----- Material to process -----

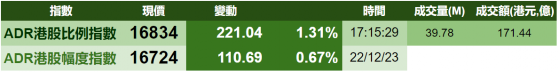 智通ADR统计 | 12月23日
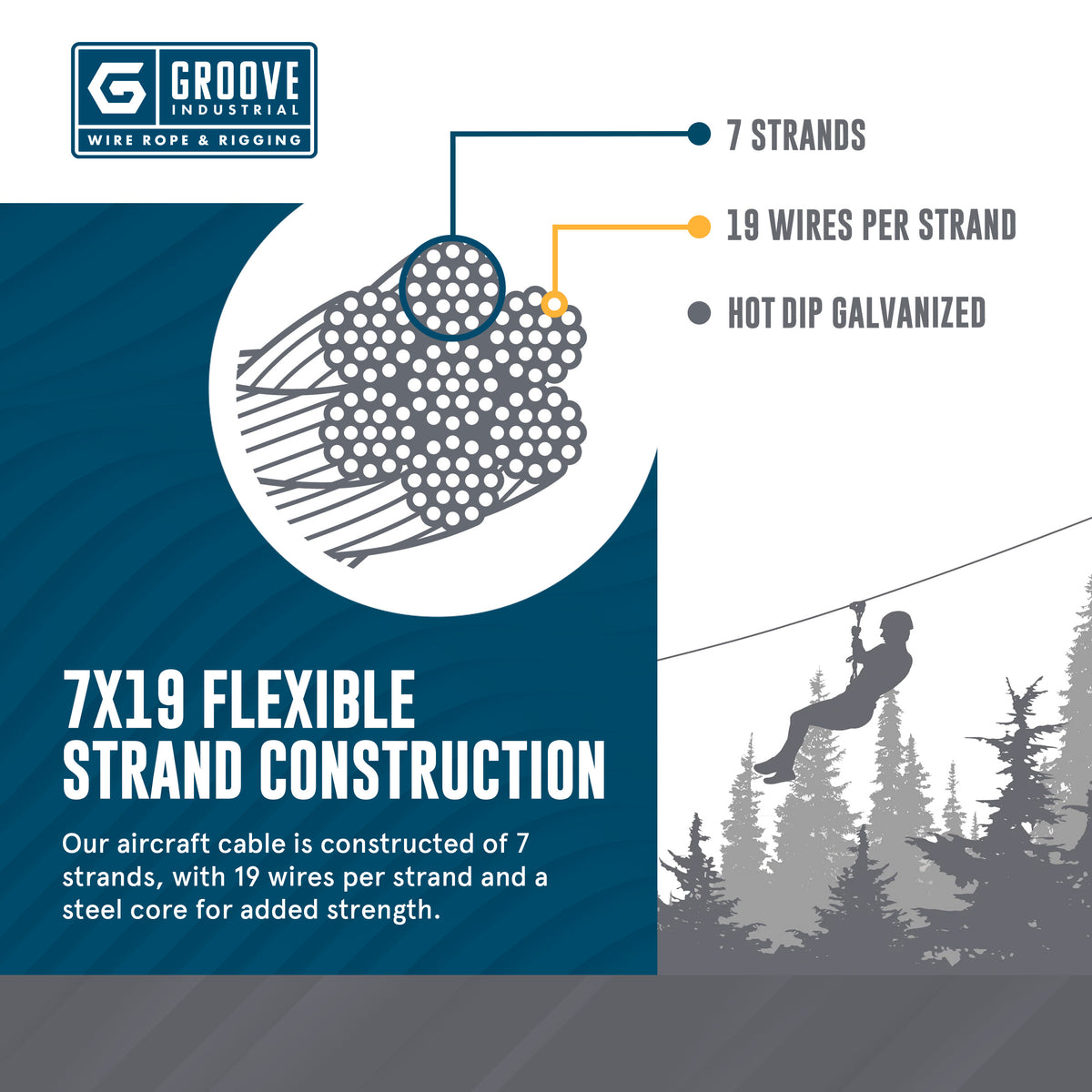 1/4" 7x19 Galvanized Aircraft Cable
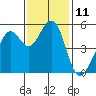 Alameda Naval Air Station tide chart for Friday, November 11, 2022
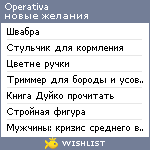 My Wishlist - operativa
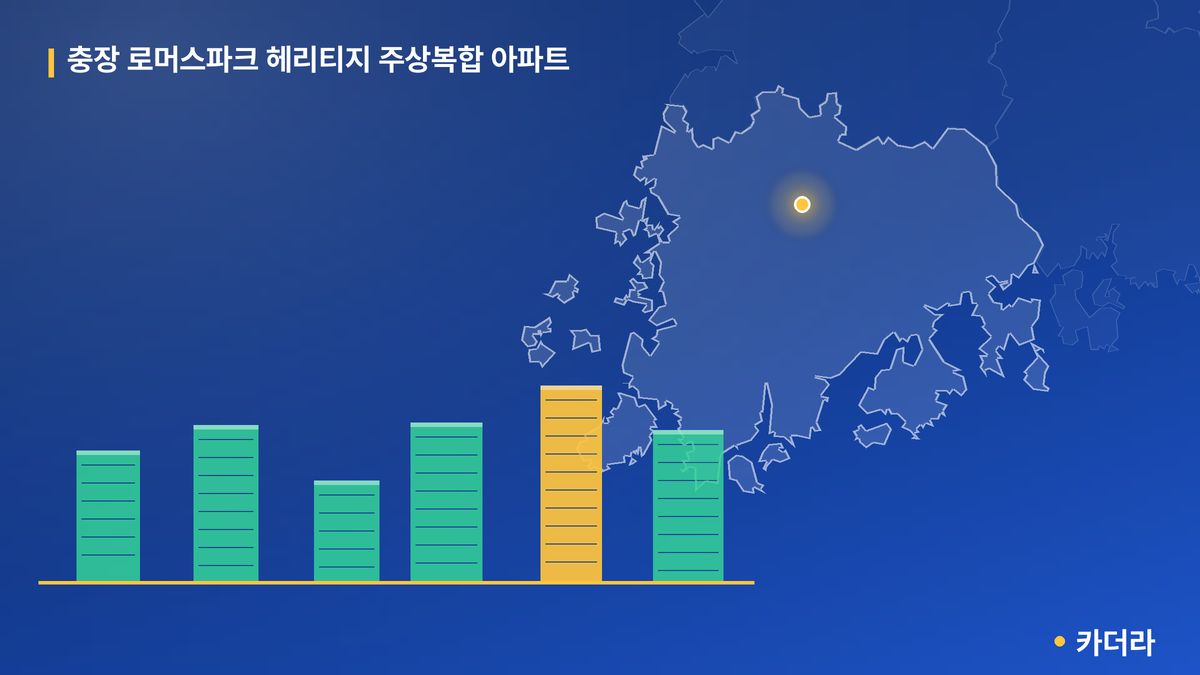 충장 로머스파크 헤리티지 주상복합 아파트 단지 정보 카드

-----

» **Exercise aim**: With the pictures left out, copy exactly the lines from the one containing "Alameda Naval Air" through the final line of the records above, both included.

» **Result**:
 Alameda Naval Air Station tide chart for Friday, November 11, 2022
 My Wishlist - operativa
 충장 로머스파크 헤리티지 주상복합 아파트 단지 정보 카드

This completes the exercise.